[Crawled caption data]
▶

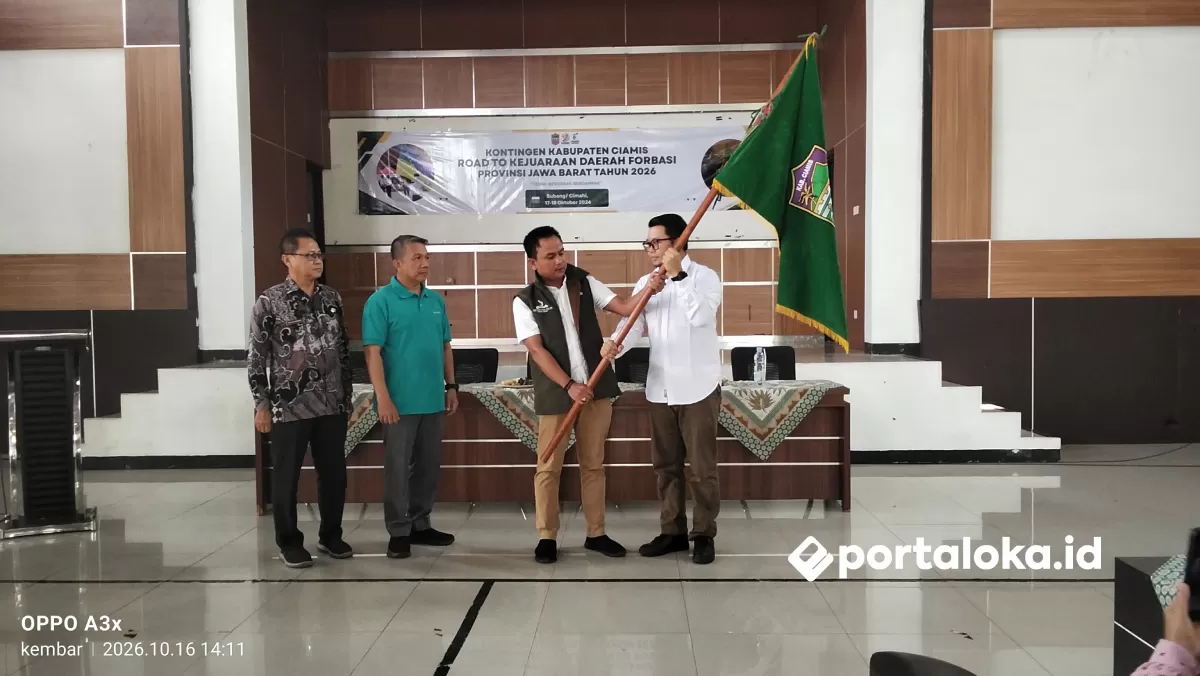 Pelepasan kontingen LKBB Kabupaten Ciamis ke Kejurda FORBASI Jabar 2026 (Portaloka.id/Arman)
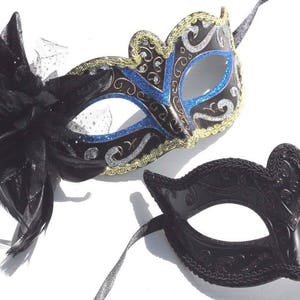 Blue and Gold Quality Pair of Male and Female Masquerade Masks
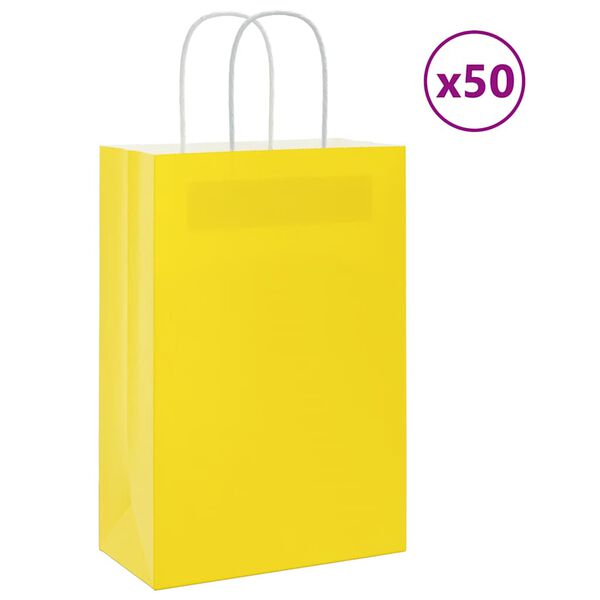 vidaXL Sacos de papel 50 unid com al&ccedil;as amarelo 21x11x31 cm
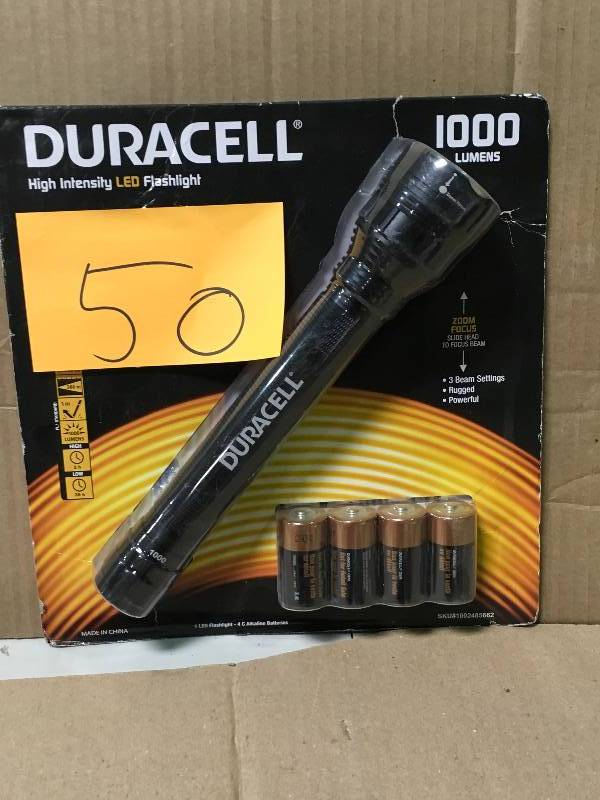Duracell 1000-Lumen LED Flashlight with Batteries not used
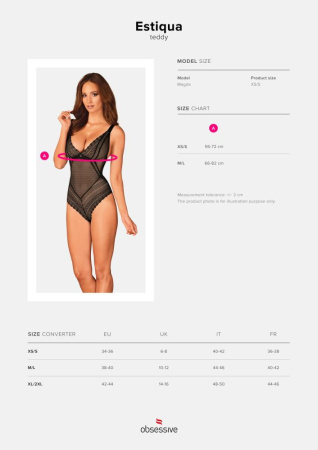 Кружевное боди с декольте Obsessive Estiqua teddy M/L, черное, широкие лямки || 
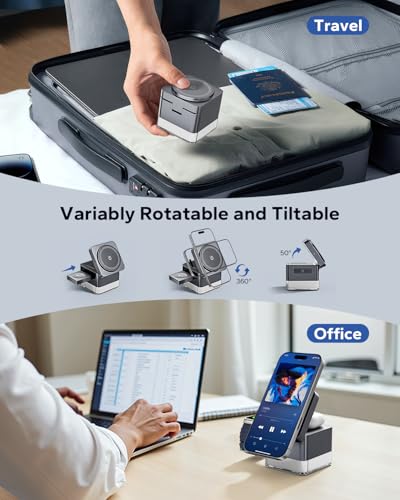 for iPhone Nightstand Charging Station, 15W 3 in 1 Wireless Phone Charger Stand with Night Lamp, Charging Dock for MagSafe, Foldable Cube, for iPhone 17/16/15/14/13/12, iWatch/AirPods, Gray - color: Gray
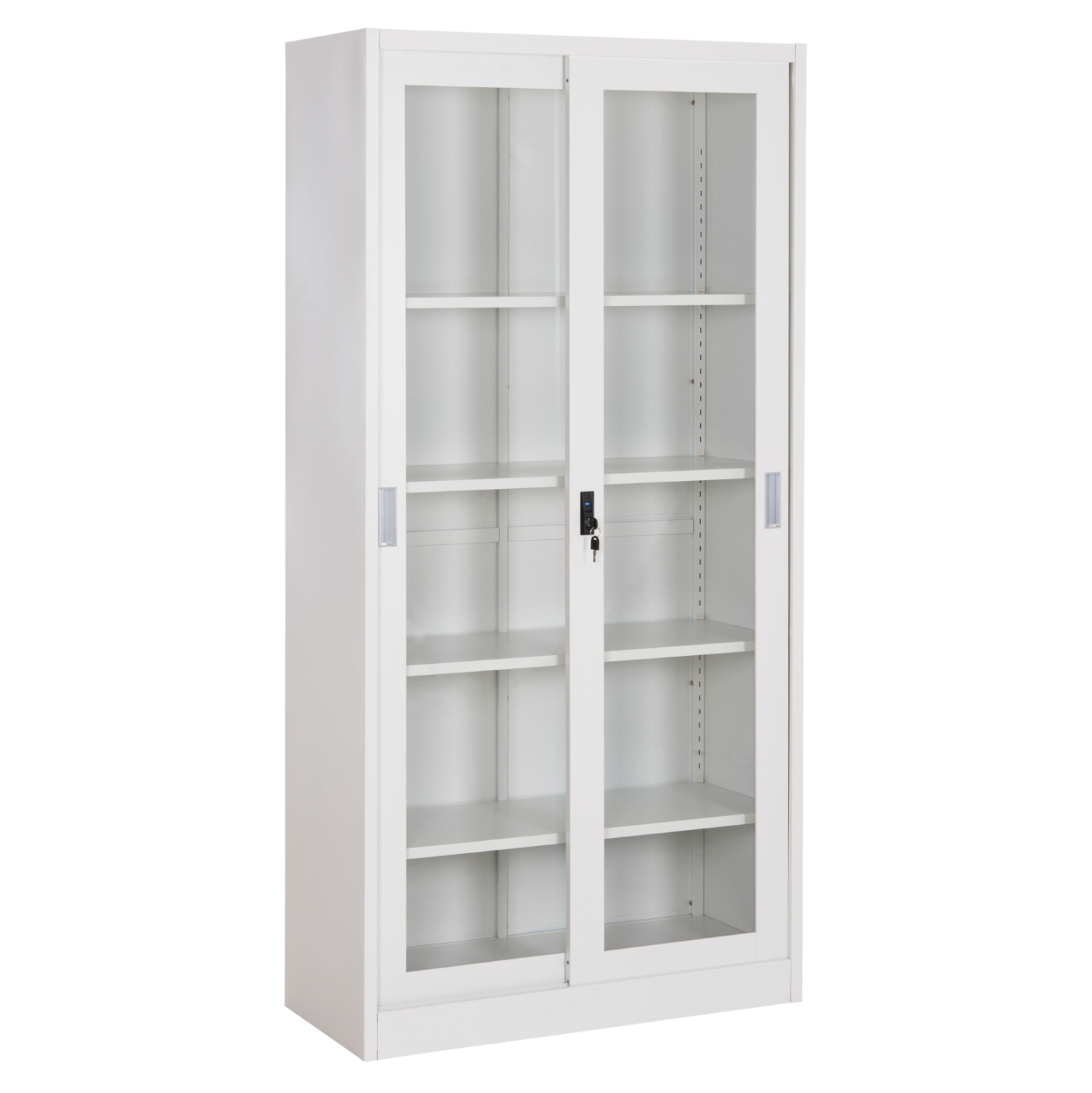 bibliothiki-me-syromenes-portes-fb966320-3 ΒΙΒΛΙΟΘΗΚΗ ΜΕ ΣΥΡΟΜΕΝΕΣ ΠΟΡΤΕΣ SIDER HM6632.02 ΜΕΤΑΛΛΙΚΗ ΛΕΥΚΗ 90x40x185Υεκ - Image 1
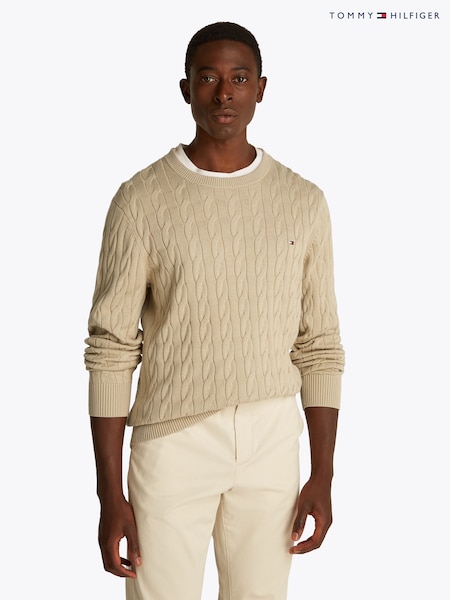 Tommy Hilfiger Natural Classic Cable 100% Cotton Jumper (F54991) | £130
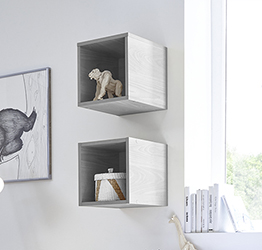 Cameretta moderna con letto imbottito e armadio  vertigo grigio H.230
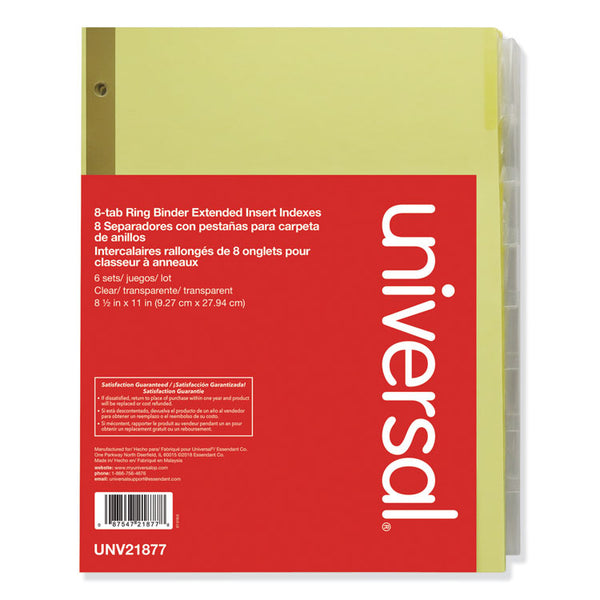Universal® Deluxe Extended Insertable Tab Indexes, 8-Tab, 11 x 8.5, Buff, Clear Tabs, 6 Sets (UNV21877)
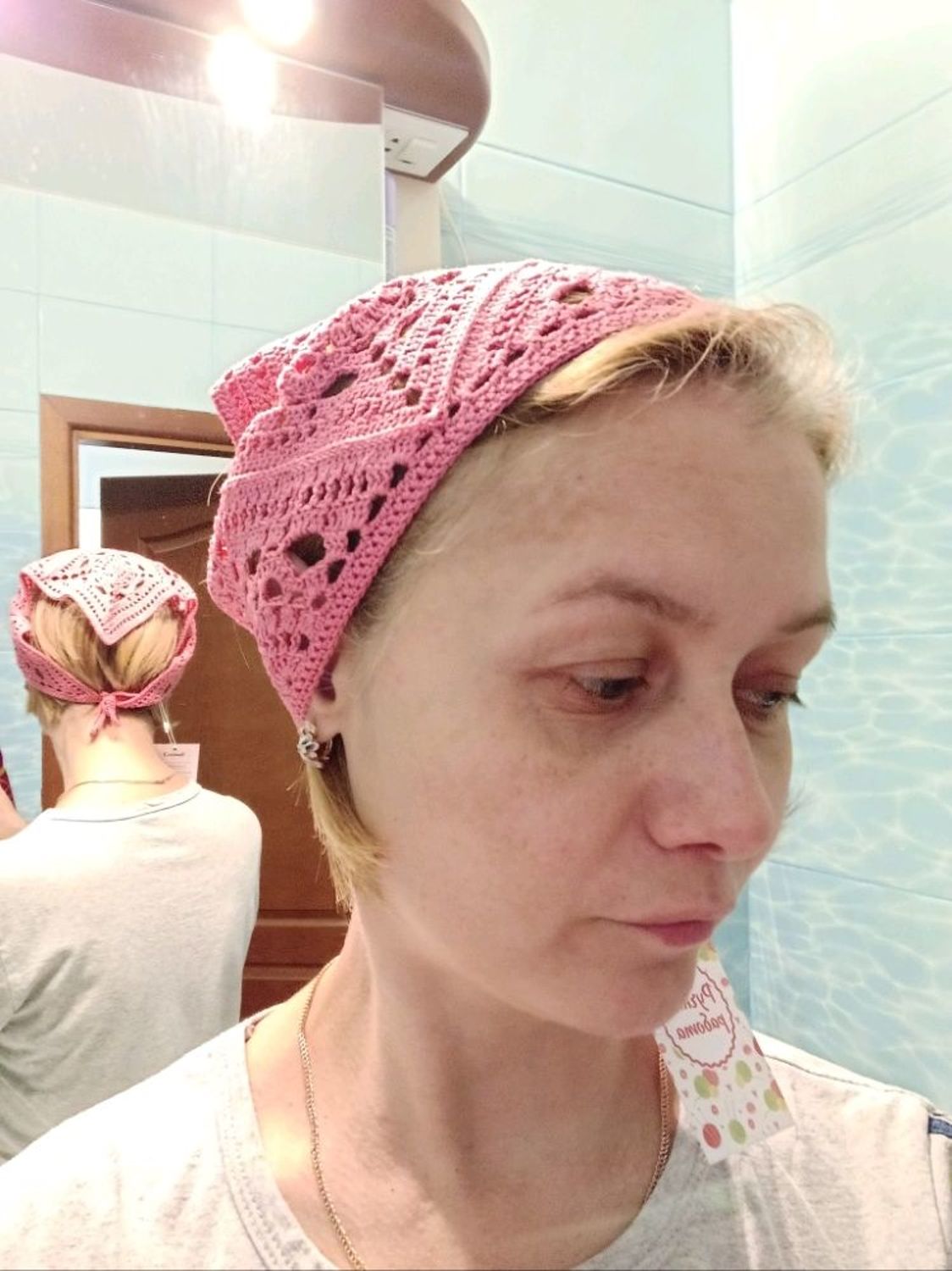 Фото №2 к отзыву покупателя Оксана о товаре Косынка вязаная розовая летняя из 100% хлопка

◀

### Problem description
Using the records above, repeat exactly the run of lines that starts with the line with "vidaXL Sacos de" and goes on through the line with "for iPhone Nightstand"; omit each picture.

### Final answer
 vidaXL Sacos de papel 50 unid com al&ccedil;as amarelo 21x11x31 cm
Duracell 1000-Lumen LED Flashlight with Batteries not used
 Кружевное боди с декольте Obsessive Estiqua teddy M/L, черное, широкие лямки || 
 for iPhone Nightstand Charging Station, 15W 3 in 1 Wireless Phone Charger Stand with Night Lamp, Charging Dock for MagSafe, Foldable Cube, for iPhone 17/16/15/14/13/12, iWatch/AirPods, Gray - color: Gray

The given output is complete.